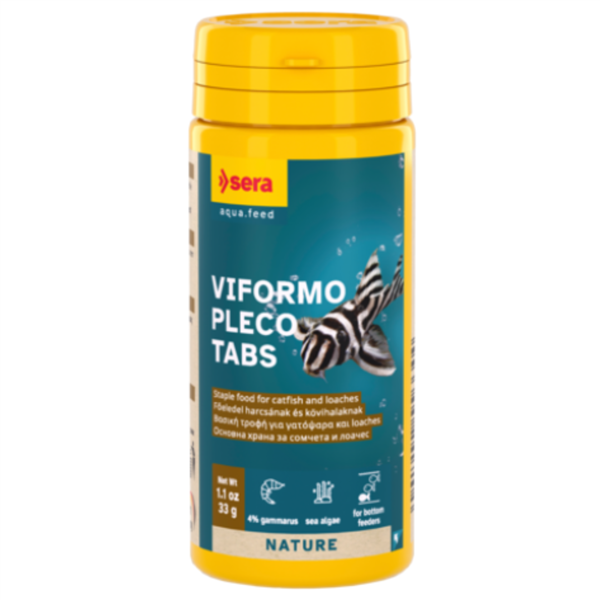 Sera Viformo Pleco Tabs 1.1oz / 33g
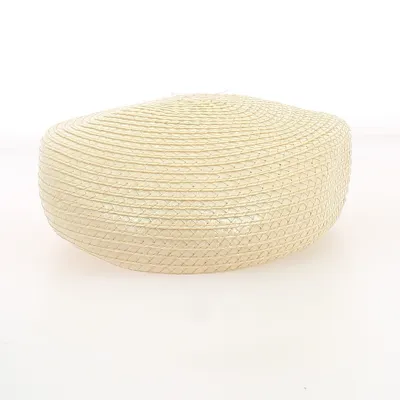 Tambourin Paille Ecru - Fléchet Paris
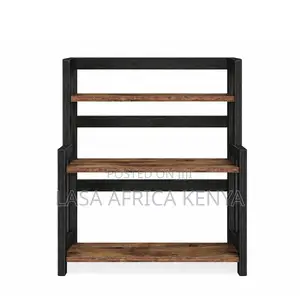3-Tier Spice Storage Rack Bamboo - Rustic Brown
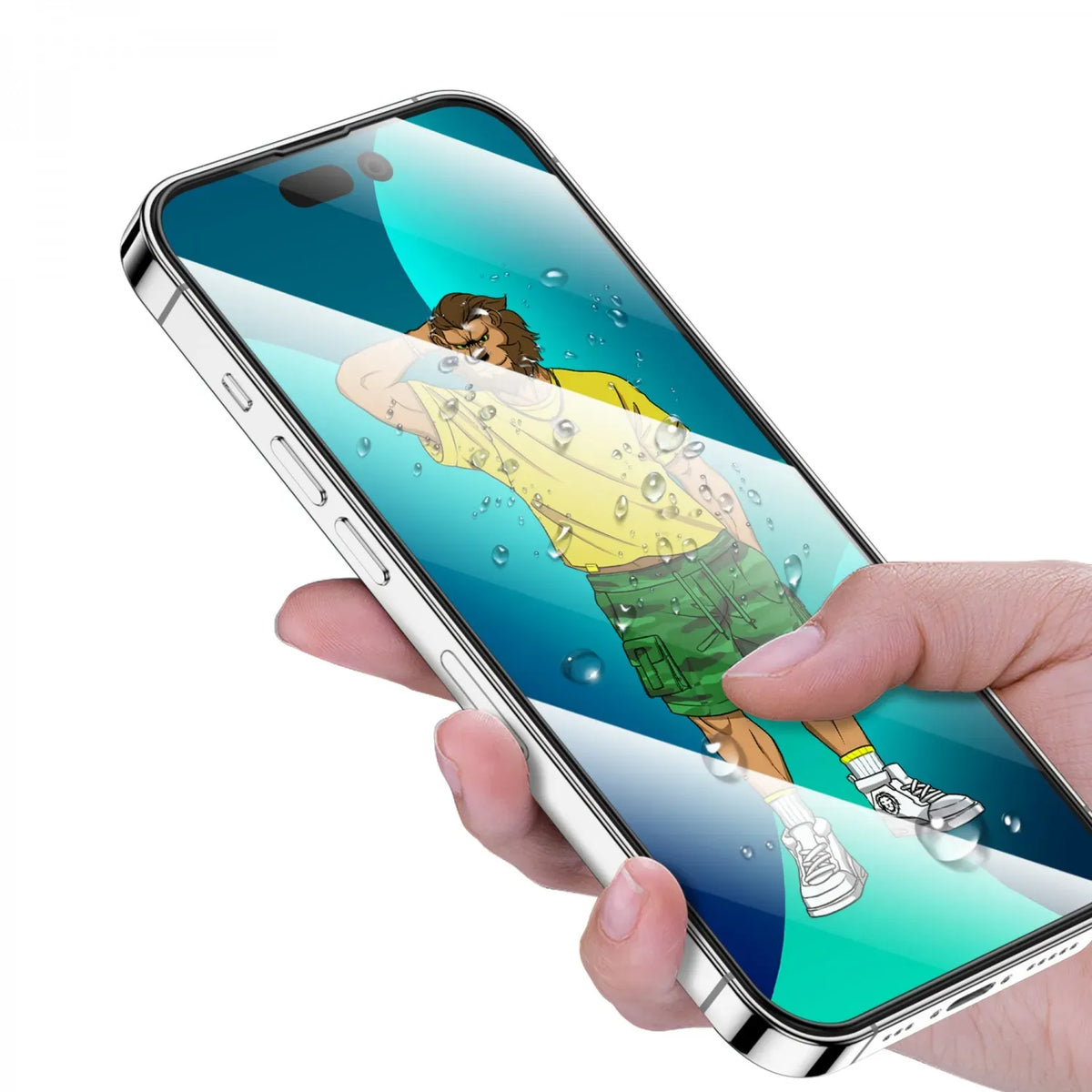Green Lion 3 DSilicone Plus Screen Protector - Clear – image 7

## TRY IT
An acceptable answer consists of the lines above from the one holding "3-Tier Spice Storage" to the end of the data, repeated exactly and containing no pictures.

## TASK OUTPUT
3-Tier Spice Storage Rack Bamboo - Rustic Brown
Green Lion 3 DSilicone Plus Screen Protector - Clear – image 7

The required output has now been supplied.